Faith, Life Coach, Love & Marriage, Uncategorized

Sistah, Take A Seat: Say I’m Sorry

Sequels to movies can either do one of two things. They can be successful or they can be a bust. So it goes in the world of blogging. I got a lot of positive traction for my “Sistah, Take Seat” blog last week. I’ve frankly been kinda scared to think about writing another one. Yikes! But one can never say (or write) enough about single women living their lives, doing big things and navigating their way through the issues of the heart. 

The hubster and I literally had to drop all commitments on our busy calendars to attend a one night marriage conference this week. It was by a well known expert on all things relationships and I’m happy we did. All I could think about while there was man! How many single men and women would definitely be their better self if they could get this stuff BEFORE they said I do?! Everyone is so hot to get in a relationship, take Facebook pictures with the googly eyes and then what? The hard work that goes into relationship building is more than a cell phone photo. Lawd knows it is! 

The speaker was a white southerner who spoke the king’s country English. Well I’m bringing it to you like your big sister, who you half can’t stand sometimes cause EVERYTIME you come to her with your problems she had the nerves to be honest and give you the business, the Fortune 500 type of business. 

Men can do some dumb things. No denying that. But let’s be honest we are no saints either. We just do better with making ourselves look good. Before you know it, dude is apologizing for something he never did! He does enough of that and you will wonder why the phone calls stop and he’s moved on to the 2.0 version of you. Bigger and better cause you wouldn’t, couldn’t learn how to apologize. 

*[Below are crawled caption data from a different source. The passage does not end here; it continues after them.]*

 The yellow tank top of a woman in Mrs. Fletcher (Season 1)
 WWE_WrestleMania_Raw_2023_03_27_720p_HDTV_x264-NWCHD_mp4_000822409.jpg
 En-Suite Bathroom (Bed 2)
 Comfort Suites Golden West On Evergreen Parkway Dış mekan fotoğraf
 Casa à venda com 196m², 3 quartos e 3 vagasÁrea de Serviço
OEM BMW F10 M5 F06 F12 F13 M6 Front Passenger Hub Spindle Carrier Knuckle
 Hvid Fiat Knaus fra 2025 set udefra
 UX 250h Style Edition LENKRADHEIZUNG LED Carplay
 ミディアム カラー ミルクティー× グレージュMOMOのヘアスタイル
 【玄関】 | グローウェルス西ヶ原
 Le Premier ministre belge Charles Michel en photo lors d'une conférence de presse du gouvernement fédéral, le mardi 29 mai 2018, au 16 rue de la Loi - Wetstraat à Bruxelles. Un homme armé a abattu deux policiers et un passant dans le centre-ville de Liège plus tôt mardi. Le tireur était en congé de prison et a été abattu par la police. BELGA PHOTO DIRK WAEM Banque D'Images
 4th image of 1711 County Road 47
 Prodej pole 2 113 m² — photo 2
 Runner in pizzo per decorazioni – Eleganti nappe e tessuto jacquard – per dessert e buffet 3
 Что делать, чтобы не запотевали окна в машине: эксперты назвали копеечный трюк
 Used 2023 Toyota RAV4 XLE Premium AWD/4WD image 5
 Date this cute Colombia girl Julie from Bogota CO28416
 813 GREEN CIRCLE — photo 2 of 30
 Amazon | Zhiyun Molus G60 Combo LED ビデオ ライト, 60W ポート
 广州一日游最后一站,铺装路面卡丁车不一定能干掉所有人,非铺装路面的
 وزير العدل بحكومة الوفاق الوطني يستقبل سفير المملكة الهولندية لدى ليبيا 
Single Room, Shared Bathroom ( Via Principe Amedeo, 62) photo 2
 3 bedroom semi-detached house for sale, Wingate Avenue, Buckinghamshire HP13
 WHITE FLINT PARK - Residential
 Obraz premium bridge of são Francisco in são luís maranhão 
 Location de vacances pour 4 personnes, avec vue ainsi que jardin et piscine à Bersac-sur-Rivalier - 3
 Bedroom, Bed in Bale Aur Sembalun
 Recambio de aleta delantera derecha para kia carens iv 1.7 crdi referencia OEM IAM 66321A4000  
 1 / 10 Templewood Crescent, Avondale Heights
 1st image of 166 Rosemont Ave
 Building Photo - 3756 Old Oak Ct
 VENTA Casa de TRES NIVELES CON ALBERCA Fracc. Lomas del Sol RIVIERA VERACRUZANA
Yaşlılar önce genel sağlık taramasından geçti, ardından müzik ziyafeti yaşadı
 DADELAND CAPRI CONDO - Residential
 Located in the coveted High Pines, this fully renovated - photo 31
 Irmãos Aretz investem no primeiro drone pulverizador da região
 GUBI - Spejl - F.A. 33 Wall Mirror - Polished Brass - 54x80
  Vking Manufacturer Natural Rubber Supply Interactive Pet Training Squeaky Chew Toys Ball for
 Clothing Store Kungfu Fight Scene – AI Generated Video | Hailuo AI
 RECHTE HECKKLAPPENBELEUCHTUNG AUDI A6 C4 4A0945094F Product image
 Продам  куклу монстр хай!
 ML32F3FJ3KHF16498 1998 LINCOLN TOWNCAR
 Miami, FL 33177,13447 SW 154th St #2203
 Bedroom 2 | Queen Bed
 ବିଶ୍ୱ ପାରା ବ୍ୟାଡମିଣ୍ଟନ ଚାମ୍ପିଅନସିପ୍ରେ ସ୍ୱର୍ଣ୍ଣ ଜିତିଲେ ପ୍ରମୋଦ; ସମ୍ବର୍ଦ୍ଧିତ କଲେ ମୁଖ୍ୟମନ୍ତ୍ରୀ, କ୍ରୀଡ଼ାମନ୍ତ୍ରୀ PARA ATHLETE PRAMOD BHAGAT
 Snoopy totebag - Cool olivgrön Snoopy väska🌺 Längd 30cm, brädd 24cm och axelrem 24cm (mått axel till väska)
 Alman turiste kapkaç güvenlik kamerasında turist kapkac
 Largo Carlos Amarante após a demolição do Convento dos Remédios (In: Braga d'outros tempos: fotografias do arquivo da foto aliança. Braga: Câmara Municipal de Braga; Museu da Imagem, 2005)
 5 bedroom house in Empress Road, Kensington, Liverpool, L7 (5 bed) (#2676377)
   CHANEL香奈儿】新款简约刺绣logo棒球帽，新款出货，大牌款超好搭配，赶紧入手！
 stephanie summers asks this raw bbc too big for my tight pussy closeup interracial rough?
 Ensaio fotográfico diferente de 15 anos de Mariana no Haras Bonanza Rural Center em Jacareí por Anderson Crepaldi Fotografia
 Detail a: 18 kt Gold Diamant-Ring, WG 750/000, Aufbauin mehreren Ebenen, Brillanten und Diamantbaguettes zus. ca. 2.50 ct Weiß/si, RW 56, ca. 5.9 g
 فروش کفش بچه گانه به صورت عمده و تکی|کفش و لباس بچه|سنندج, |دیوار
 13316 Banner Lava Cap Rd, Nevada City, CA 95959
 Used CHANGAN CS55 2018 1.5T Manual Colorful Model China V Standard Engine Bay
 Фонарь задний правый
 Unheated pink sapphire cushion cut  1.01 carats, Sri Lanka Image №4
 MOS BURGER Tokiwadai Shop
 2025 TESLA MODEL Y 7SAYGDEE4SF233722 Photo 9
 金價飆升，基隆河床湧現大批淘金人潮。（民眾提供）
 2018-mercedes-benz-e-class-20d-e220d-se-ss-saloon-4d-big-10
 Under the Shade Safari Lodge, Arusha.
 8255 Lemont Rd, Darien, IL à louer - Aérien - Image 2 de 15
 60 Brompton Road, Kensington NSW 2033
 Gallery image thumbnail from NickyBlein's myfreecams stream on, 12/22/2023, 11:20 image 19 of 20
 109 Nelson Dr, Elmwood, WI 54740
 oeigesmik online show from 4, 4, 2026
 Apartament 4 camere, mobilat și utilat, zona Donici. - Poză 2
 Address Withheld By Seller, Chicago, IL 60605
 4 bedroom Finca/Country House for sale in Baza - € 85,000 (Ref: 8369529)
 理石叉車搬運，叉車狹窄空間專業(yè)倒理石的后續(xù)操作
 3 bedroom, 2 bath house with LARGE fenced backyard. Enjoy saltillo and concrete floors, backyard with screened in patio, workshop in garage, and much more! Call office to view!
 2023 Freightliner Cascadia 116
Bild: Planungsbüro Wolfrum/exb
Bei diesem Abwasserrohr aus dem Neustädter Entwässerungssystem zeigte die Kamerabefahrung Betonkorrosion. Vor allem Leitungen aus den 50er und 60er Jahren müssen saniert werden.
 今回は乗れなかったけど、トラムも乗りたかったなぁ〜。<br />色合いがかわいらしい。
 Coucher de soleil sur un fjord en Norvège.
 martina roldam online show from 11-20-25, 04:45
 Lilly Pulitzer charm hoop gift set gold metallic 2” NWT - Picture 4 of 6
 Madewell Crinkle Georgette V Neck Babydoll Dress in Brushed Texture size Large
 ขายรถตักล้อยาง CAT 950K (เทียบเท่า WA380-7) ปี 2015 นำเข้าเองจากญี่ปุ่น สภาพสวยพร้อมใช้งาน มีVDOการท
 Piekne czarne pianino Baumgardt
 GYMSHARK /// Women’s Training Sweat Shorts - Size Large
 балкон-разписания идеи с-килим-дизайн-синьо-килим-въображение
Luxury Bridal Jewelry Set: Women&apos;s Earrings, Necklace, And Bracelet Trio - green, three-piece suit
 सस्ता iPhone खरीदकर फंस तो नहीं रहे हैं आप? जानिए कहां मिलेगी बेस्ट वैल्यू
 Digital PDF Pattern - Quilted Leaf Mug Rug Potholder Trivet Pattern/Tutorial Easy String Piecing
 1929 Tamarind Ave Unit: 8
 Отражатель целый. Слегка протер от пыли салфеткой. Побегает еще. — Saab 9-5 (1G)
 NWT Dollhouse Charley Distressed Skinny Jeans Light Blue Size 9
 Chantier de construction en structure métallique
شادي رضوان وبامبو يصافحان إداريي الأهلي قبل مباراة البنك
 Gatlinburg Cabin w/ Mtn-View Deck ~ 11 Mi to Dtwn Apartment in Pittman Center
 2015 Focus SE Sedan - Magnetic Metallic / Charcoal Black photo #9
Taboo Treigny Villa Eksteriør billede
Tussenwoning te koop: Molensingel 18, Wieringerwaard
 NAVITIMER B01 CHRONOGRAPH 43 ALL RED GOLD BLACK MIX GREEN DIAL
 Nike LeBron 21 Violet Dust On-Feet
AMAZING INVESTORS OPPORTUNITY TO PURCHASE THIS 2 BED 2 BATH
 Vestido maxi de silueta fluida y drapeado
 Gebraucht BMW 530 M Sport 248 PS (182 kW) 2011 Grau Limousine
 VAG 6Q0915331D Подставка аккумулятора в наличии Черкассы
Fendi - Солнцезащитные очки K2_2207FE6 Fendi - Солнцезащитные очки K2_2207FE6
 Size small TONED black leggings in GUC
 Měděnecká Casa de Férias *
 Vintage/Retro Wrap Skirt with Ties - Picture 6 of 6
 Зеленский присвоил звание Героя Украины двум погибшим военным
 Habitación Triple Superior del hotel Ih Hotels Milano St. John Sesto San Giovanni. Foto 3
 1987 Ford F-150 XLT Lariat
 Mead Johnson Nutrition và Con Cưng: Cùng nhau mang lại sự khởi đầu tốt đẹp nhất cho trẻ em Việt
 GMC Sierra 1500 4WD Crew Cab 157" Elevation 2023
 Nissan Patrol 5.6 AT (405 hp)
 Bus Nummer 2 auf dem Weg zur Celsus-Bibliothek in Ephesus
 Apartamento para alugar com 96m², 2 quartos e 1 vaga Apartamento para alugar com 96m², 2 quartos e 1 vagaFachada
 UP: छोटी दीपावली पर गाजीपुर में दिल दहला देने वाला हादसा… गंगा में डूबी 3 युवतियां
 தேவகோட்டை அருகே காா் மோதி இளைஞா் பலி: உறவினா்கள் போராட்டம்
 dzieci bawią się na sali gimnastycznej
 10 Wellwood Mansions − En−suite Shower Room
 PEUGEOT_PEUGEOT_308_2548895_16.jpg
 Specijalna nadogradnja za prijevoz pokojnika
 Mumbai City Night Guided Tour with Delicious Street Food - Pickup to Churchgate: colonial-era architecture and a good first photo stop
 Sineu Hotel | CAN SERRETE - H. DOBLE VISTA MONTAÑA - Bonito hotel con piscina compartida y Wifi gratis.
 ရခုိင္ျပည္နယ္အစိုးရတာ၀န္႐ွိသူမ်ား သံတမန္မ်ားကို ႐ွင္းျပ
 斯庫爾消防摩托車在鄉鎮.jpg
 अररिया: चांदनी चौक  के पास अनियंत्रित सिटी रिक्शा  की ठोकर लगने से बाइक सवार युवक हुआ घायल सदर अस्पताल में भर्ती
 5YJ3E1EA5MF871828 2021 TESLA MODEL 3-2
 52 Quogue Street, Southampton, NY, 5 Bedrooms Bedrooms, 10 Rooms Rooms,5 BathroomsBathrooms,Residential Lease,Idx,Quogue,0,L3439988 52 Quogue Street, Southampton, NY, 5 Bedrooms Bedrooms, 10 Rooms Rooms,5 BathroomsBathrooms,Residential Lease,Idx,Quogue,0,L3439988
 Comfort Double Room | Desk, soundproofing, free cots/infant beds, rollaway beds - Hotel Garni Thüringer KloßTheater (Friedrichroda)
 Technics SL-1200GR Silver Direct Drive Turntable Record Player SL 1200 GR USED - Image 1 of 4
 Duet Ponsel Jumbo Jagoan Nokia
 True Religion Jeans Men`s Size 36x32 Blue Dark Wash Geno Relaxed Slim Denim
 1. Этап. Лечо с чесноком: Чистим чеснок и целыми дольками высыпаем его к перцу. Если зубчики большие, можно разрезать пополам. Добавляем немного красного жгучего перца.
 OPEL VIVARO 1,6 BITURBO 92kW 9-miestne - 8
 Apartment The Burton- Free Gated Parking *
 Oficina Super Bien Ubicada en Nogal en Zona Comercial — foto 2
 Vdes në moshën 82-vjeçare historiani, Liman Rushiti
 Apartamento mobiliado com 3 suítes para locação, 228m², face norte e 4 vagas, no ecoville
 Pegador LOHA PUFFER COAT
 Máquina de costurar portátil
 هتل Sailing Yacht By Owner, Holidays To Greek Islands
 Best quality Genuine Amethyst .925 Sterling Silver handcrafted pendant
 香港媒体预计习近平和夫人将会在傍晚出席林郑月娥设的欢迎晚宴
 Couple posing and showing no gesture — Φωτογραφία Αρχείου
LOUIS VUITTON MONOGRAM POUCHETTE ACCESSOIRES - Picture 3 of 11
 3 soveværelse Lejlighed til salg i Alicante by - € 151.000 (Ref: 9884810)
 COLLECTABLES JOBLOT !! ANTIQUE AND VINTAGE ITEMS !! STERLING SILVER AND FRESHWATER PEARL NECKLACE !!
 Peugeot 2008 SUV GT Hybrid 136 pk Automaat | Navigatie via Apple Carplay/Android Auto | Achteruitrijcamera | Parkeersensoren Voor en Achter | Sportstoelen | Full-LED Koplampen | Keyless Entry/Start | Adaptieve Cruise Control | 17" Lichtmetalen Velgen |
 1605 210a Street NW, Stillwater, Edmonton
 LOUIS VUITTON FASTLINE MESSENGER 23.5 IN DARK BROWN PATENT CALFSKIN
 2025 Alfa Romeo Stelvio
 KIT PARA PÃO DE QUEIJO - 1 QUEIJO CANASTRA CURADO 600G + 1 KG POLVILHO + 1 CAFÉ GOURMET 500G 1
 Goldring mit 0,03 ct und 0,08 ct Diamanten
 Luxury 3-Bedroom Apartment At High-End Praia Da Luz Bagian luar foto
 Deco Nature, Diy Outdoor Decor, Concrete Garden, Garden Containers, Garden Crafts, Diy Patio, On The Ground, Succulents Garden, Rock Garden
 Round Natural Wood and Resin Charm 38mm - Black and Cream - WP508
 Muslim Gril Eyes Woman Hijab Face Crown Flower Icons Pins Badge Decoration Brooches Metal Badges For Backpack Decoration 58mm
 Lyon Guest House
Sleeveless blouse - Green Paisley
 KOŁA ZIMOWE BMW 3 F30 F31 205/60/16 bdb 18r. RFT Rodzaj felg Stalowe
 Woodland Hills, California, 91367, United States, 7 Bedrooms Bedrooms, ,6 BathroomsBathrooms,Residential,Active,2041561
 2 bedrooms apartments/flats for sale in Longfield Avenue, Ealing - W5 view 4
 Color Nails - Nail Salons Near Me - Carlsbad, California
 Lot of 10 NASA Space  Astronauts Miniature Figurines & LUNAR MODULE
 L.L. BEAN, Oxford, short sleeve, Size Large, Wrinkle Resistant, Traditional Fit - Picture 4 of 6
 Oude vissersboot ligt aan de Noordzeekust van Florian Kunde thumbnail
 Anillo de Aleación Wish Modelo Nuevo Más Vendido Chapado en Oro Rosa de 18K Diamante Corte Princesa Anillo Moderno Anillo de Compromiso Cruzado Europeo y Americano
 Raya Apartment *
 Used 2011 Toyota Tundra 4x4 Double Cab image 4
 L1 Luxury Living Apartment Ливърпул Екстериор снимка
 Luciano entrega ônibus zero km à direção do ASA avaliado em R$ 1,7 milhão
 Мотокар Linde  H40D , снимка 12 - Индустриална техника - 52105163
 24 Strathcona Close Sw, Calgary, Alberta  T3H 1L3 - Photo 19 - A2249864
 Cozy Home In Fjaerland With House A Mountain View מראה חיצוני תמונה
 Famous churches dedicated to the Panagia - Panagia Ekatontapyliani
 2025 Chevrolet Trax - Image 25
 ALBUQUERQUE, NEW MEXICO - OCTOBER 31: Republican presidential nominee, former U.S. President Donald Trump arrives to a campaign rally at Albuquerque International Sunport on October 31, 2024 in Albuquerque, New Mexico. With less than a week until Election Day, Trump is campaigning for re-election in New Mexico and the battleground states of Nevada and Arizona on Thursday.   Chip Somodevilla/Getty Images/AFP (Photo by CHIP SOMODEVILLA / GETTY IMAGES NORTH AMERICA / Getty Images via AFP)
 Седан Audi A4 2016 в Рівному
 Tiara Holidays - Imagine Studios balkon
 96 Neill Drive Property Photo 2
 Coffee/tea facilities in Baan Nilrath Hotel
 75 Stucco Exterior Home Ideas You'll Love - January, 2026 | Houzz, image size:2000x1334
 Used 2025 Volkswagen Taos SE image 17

Express regret and accept responsibility. Tell your man what you’re sorry for. Just saying “I’m sorry” doesn’t work anymore. Babe I’m sorry for not coming to you first to discuss this. Boo, I’m sorry for being out of hand and disrespecting you in public. Honey, I’m sorry for putting our business on that GroupMe chat. Learn to admit your wrong in a matter. Psalm 51:17. Luke 15:21

Offer to make restitution. It’s one thing to apologize and accept responsibility. It’s another to make restitution. That would mean you would have to make it right. Batting your eye lash extensions and rubbing his arm is NOT restitution. You embarrassed him in public, you better apologize in public. You didn’t allow him to take the lead on a decision. You better make sure you give him space to do that next time. You ignored his requests to spend time together to cause you wanted to hang out with your girls. You better make the next date night a hella good time. Make right what you made wrong

Genuinely repenting. So you have apologized. You have even made it right. Don’t do it again. Yeah. I know we’re all human. But you only got a few times to make the same dumb mistake before you get deleted off his phone and from his life. How many times you think dude is going to want to have to hear your banshee voice on the other end of the phone? Or all them capital letters on his text messages? Or the same old, “Babe I won’t do it again!” followed by some fake crocodile tears. Girl Bye! I said it before and Imma keep saying it. Cute don’t keep a man! Acts 2:38

Requesting forgiveness. The speaker said 10% of the population doesn’t ask forgiveness. This is a direct influence from how they may have been raised by their fathers. In my head I was like that’s gotta be wrong because I’m like the 1% right up in there. But he got the dad part right. Parental and life conditioning has taught us that asking for forgiveness is a sign of weakness on our part. We’re punks if we ask for forgiveness. We’re carpets to walk on if we ask for forgiveness. No, dear sistah. What we are is a relationship on its way to a glorious death if we don’t. Forgiveness is a healthy response to a sincere apology. When we have gone through the process of apologizing it is that final act that releases you and the offended party from the bitterness that tends to seep into the soul, oozing into the heart and manifesting in the form of mental and physical illness. No human being on earth is worth that kinda obligation. None. 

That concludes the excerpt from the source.